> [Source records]
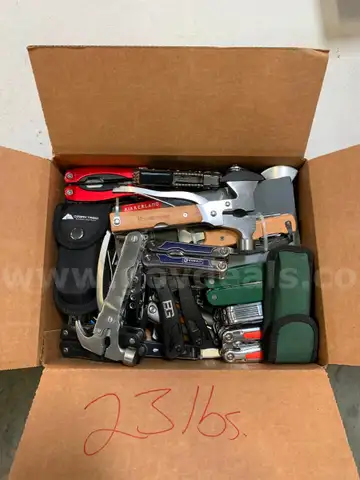 Box of Multi-Tools
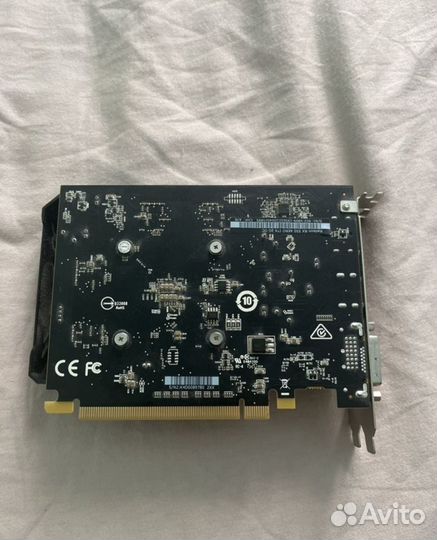 Видеокарта rx 550/550 series 2gb
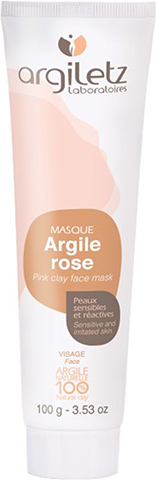 Argiletz Mini Masque Argile Rose Prête à l'Emploi 30g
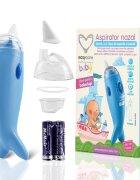 EASYCARE BABY Aspirator nazal electric cu 2 viteze de aspiratie si melodii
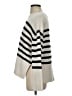 Gap 100% Cotton Stripes Ivory Pullover Sweater Size S - photo 5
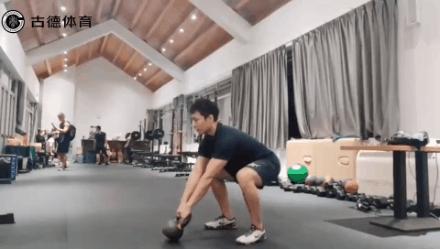 壶铃燃脂训练跟练版,壶铃练多久有减脂效果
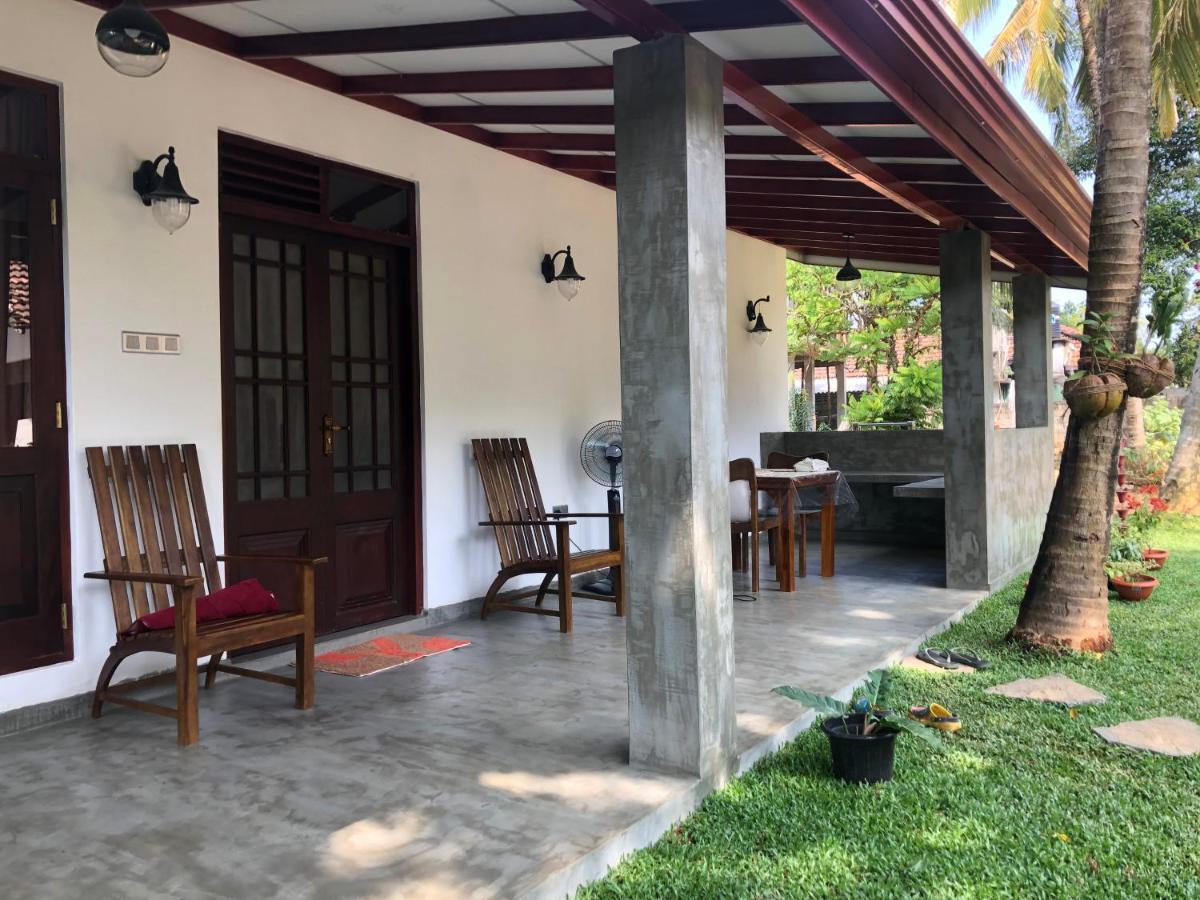 Lohas Villa Hiriketiya 迪克韦勒 外观 照片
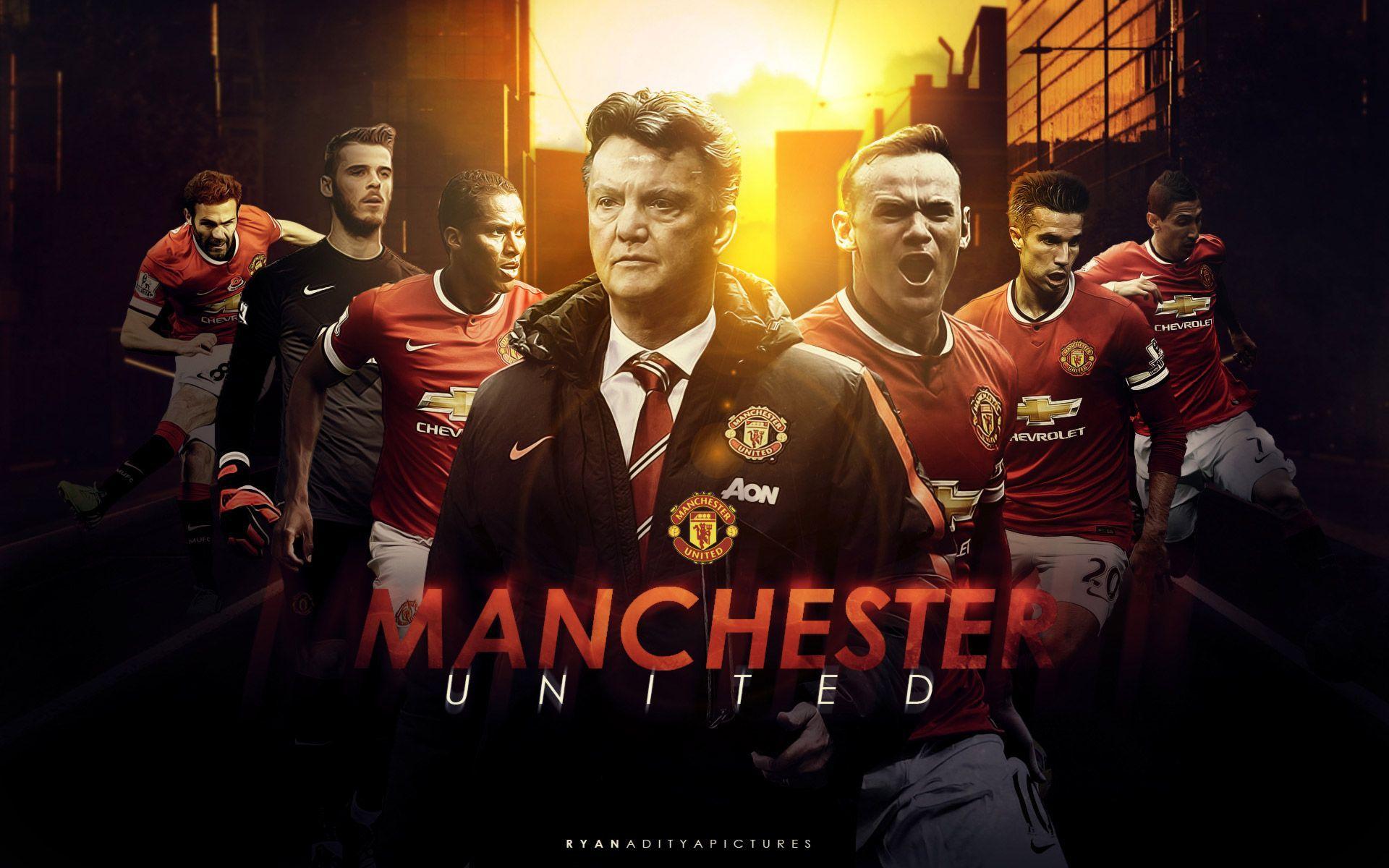 Man Utd Players Backgrounds Wallpaper Cave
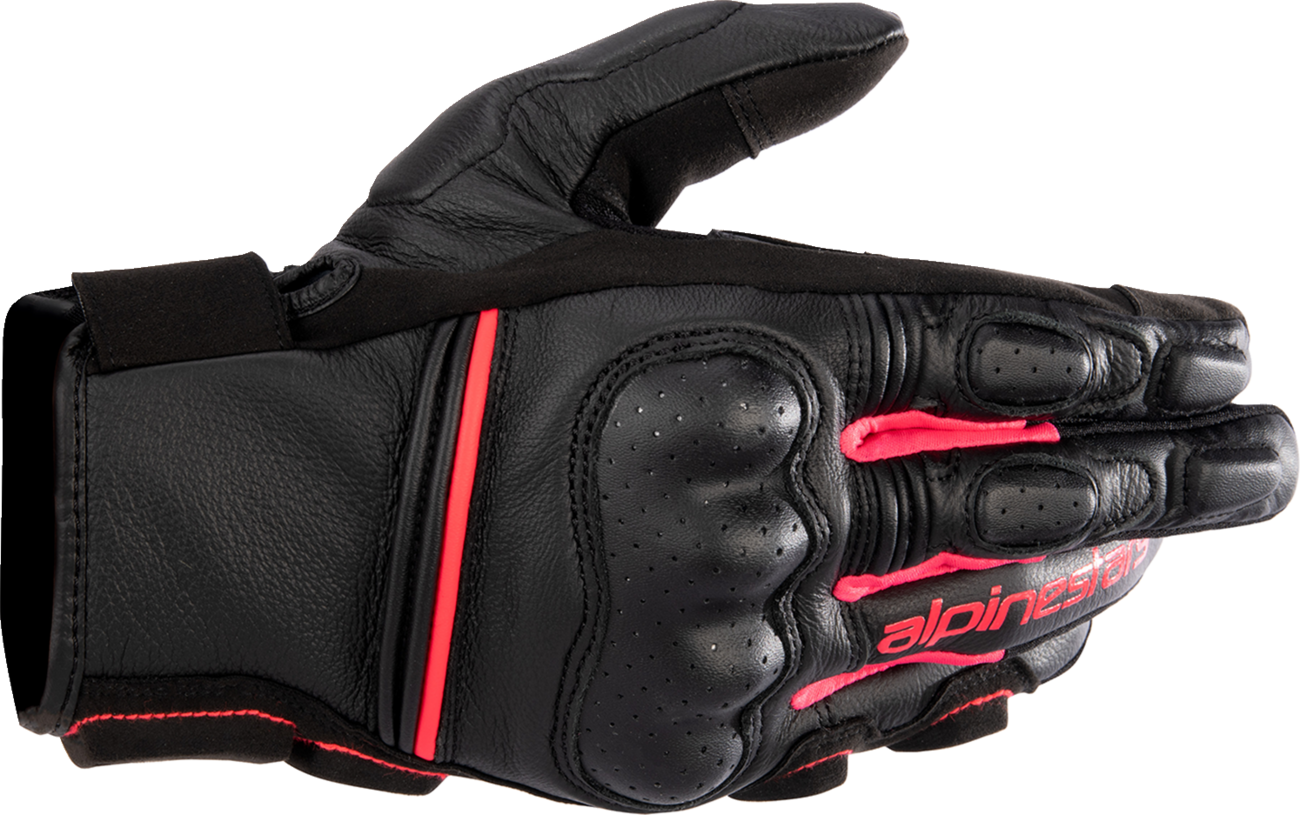 Stella Phenom Gloves - Black/Diva Pink - Small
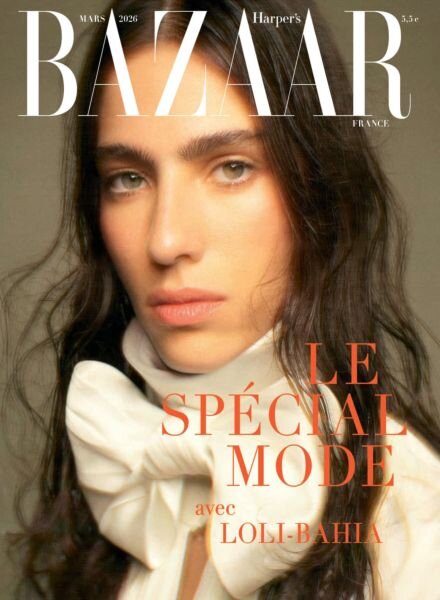 Harper’s Bazaar France – Mars 2026 Cover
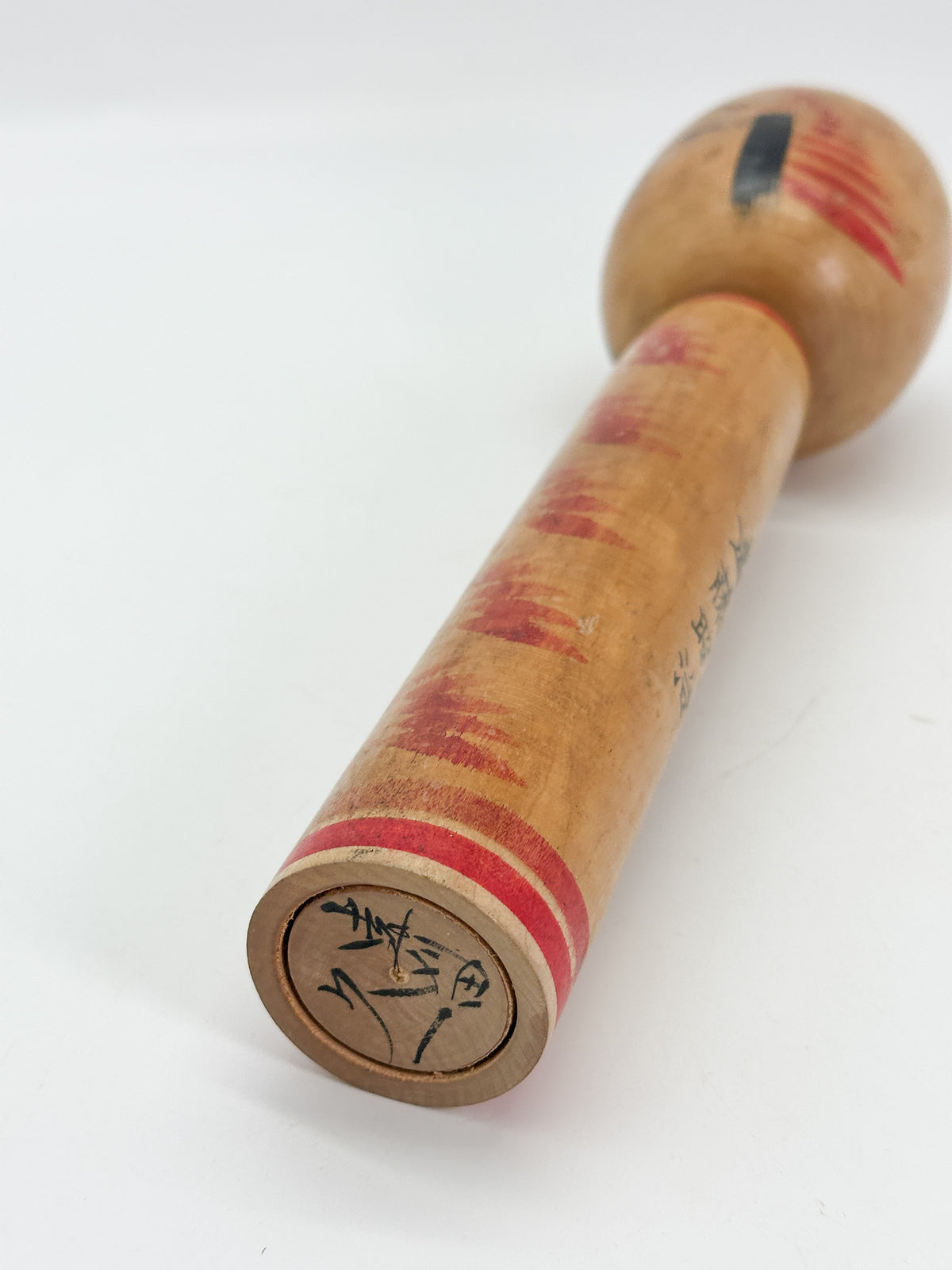 K30101 - Togatta Kokeshi by Kyuichi Omori 大森久一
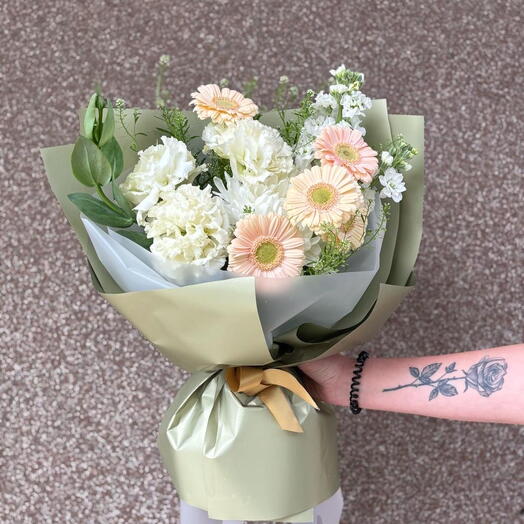 Green bouquet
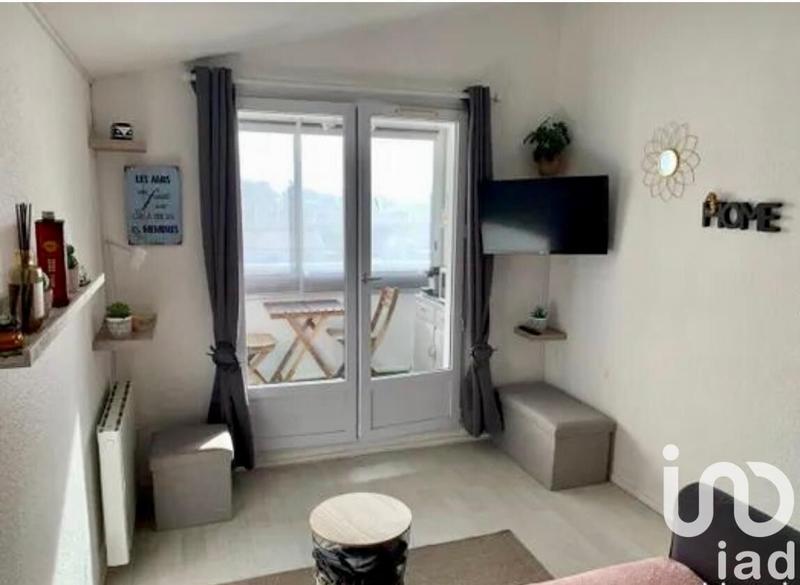 Studio - 18 m² - 1 pièce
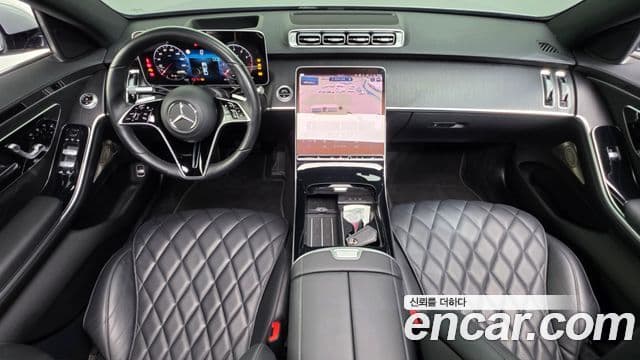 Mercedes-Benz S-Class 2022 — ფოტო 7/20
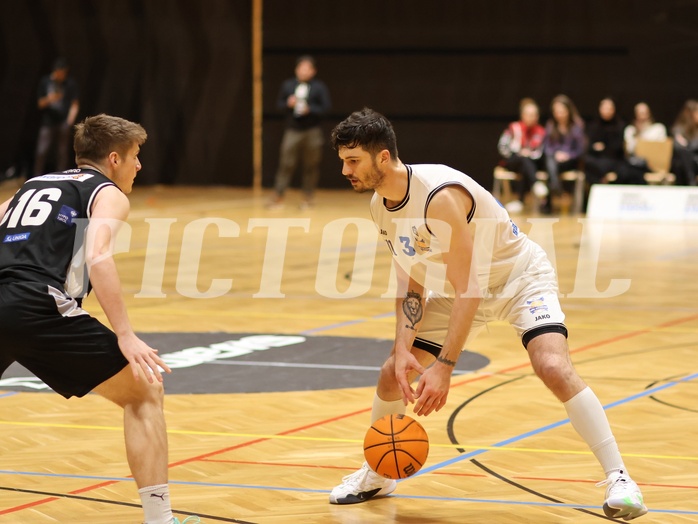 Basketball Zweite Liga 2023/24, Grunddurchgang 13.Runde Raiders Tirol vs. BBU Salzburg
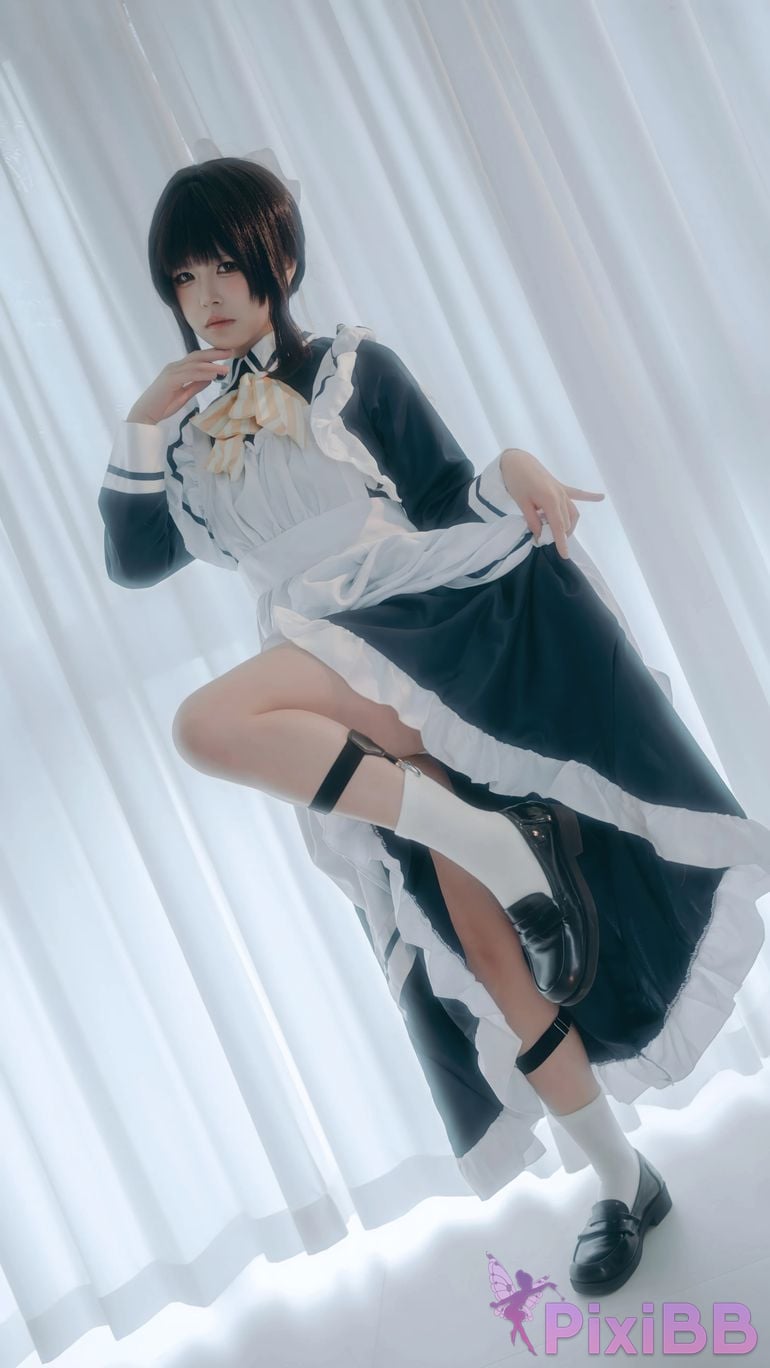Cosplayer Tokuyama Four Seasons Natsume Sister Zaozis maid PixiBB.COM 003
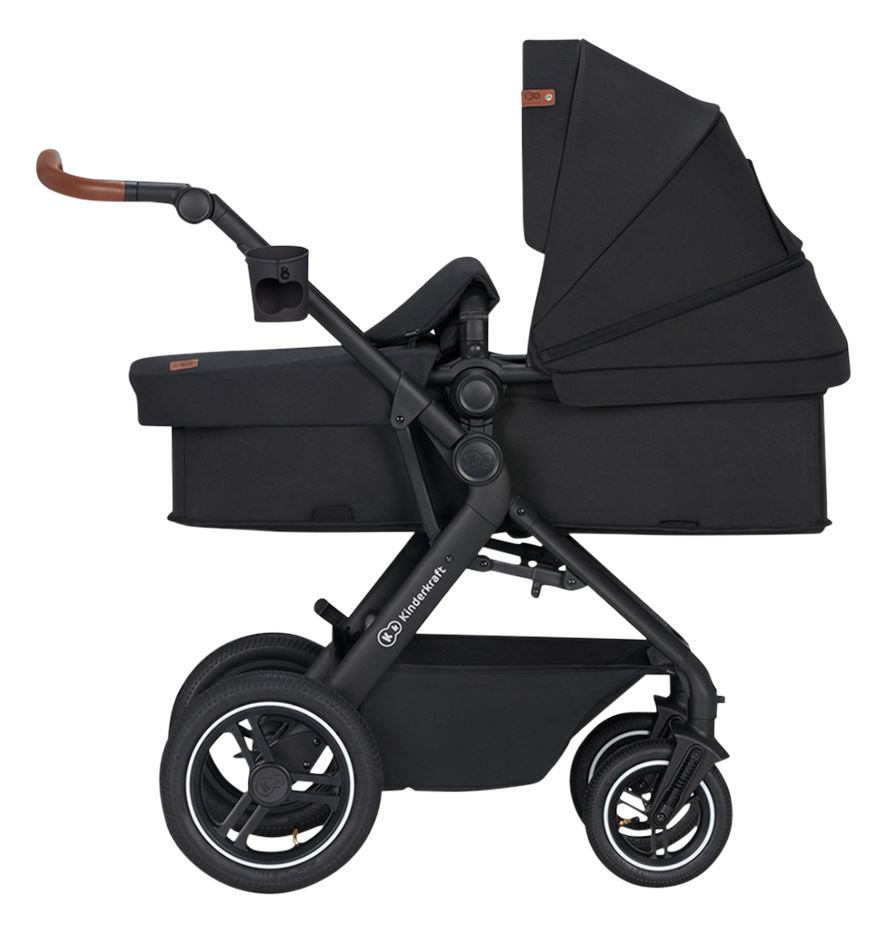 Kinderkraft Poussette 4 en 1 B-Tour Mink Pro  Black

> [What needs to be done]
Every line from the one that holds "Green bouquet" to the last line of the records above goes into the answer, exactly as written; nothing else does, and no picture does either.

> [Exercise answer]
 Green bouquet
 Studio - 18 m² - 1 pièce
 Mercedes-Benz S-Class 2022 — ფოტო 7/20
 Basketball Zweite Liga 2023/24, Grunddurchgang 13.Runde Raiders Tirol vs. BBU Salzburg
Cosplayer Tokuyama Four Seasons Natsume Sister Zaozis maid PixiBB.COM 003
 Kinderkraft Poussette 4 en 1 B-Tour Mink Pro  Black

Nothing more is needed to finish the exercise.